[Data for review Boundary: Start]
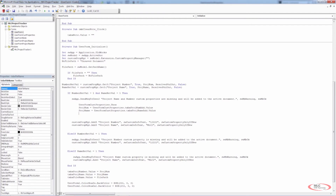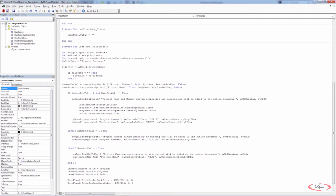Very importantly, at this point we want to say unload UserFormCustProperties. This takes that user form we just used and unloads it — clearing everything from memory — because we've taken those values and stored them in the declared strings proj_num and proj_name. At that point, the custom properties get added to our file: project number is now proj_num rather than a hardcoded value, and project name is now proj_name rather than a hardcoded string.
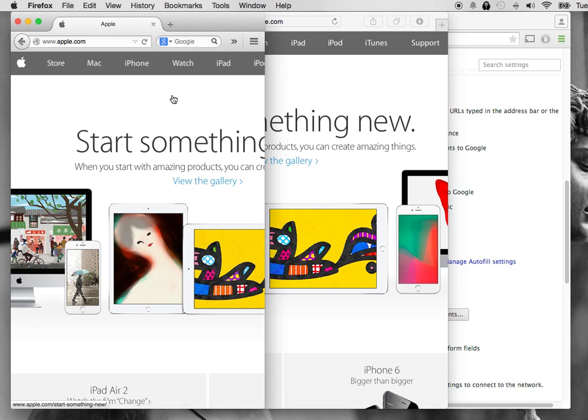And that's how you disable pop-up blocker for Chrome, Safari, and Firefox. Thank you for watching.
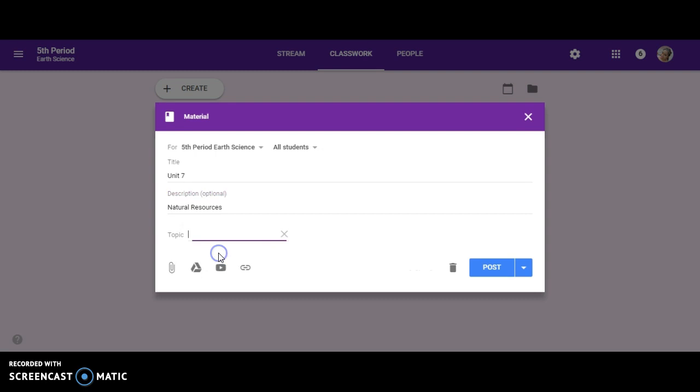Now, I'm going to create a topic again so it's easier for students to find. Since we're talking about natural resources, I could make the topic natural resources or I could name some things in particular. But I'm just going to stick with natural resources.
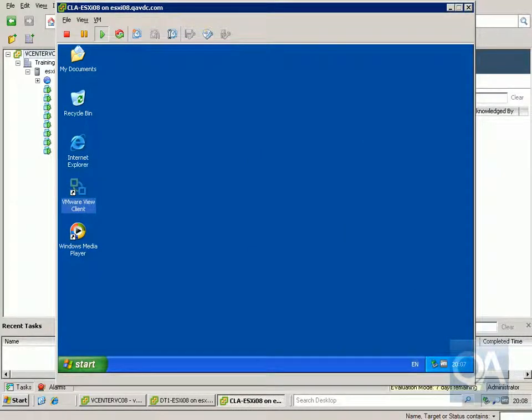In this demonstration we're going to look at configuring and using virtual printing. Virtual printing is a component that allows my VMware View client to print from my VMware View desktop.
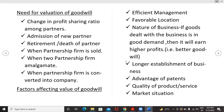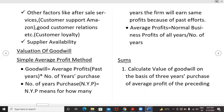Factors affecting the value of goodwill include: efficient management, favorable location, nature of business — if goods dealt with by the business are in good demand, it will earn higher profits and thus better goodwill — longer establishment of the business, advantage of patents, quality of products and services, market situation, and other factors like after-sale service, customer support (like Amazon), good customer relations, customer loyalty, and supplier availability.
[Data for review Boundary: End]
(Required action): Could you write out the records again exactly, omitting each image?

(Response to the task):
Very importantly, at this point we want to say unload UserFormCustProperties. This takes that user form we just used and unloads it — clearing everything from memory — because we've taken those values and stored them in the declared strings proj_num and proj_name. At that point, the custom properties get added to our file: project number is now proj_num rather than a hardcoded value, and project name is now proj_name rather than a hardcoded string.
And that's how you disable pop-up blocker for Chrome, Safari, and Firefox. Thank you for watching.
Now, I'm going to create a topic again so it's easier for students to find. Since we're talking about natural resources, I could make the topic natural resources or I could name some things in particular. But I'm just going to stick with natural resources.
In this demonstration we're going to look at configuring and using virtual printing. Virtual printing is a component that allows my VMware View client to print from my VMware View desktop.
Factors affecting the value of goodwill include: efficient management, favorable location, nature of business — if goods dealt with by the business are in good demand, it will earn higher profits and thus better goodwill — longer establishment of the business, advantage of patents, quality of products and services, market situation, and other factors like after-sale service, customer support (like Amazon), good customer relations, customer loyalty, and supplier availability.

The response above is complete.